В конце концов группа товарищей села и написала Конституцию, которую мы сейчас вынуждены были править. Речь шла о том, чтобы оценить поправки, которые поступали от субъектов законодательной инициативы или просто от граждан. Их было довольно много. Для того чтобы структурировать эту деятельность, рабочую группу разделили на несколько частей. Мы с Константином Иосифовичем Косачёвым на пару были сопредседателями подгруппы, которая занималась вопросами, связанными с международным правом, с нашим суверенитетом, с нашей историей и идентичностью.

Это было большое количество поправок. Они отсеивались, редактировались. Мы работали с профильным комитетом Государственной Думы, поскольку поправки принимались парламентом. Спорные поправки выносили на суд президента. Как ту же самую поправку об исторической правде. Там было ведь очень много вариантов.

После нашего голосования на Западе опять проявились недовольные. Мол, голосование, референдум — это вообще чуть ли не фарс. Хотя на Западе в последние десятилетия вообще стараются не прибегать к референдумам. Потому что это дает такие результаты, которые правящая элита абсолютно не ожидает. Например, вынесли вопрос о Брекзите и получили его, чего даже не ожидали организаторы всенародного голосования.

Мы, наоборот, сказали людям: давайте, выскажитесь! Вам что-то может не нравиться, что-то — нравиться. Я тоже не в восторге от некоторых новаций. Что ж теперь, мне не голосовать?

Есть в политологии и конституционном праве такое понятие — конституционный дизайн. Это Конституция устойчивая, красивая. Как дизайн здания. Так и дизайн Конституции. Она должна быть устойчивой. Так вот, внесённые поправки — это обобщение опыта реализации Конституции, которую принимали в 1993 году. Она создаёт более совершенную конструкцию государственной власти, системы разделения властей.

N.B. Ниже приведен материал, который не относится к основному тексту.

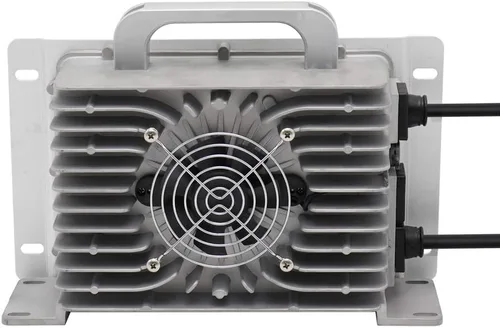 Miniatura 3 de Cargador de batería de 36 V 20 A para coche club de 36 voltios/carrito de golf Yamaha con conector estilo Crowsfoot enchufe de pie de cuervos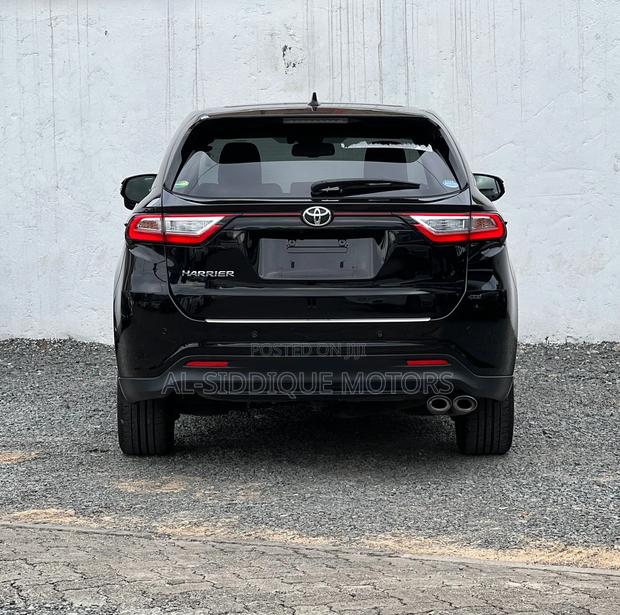 Toyota Harrier 2.0 2019 Black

1993 год. Расстреливают парламент. В декабре принимается конституция. Ельцин, который имел решающее слово во всех конституционных вопросах, в 1993 году сделал всё, чтобы принизить роль парламента и систему разделения властей. Сейчас это исправлено. Государственная Дума может назначать министров. Это очень серьёзные полномочия для парламента. И мы уже чувствуем, что министры иначе относятся к нему.

Теперь о вопросе, который постоянно звучал, пока шла работа над поправками. Надо, мол, делать новую Конституцию, а не ремонтировать старую. На мой взгляд, самый оптимальный вариант — менять Конституцию как можно реже. Потому что это — основа, на которой зиждется вся правовая система. Люди привыкают к определённым правилам игры. Я считаю, что чем реже мы меняем Конституцию, тем лучше. Это придаёт устойчивость государственной системе. Каждая смена Конституции — серьёзный удар по политической и социальной стабильности. Вот поэтому Владимир Путин и не пошёл по пути принятия нового Основного закона. В советское время каждая смена Конституции меняла условия существования государства. А мы только успели отдышаться от пережитых потрясений…

Вячеслав НИКОНОВ

Журнал «Стратегия России», август 2020 г.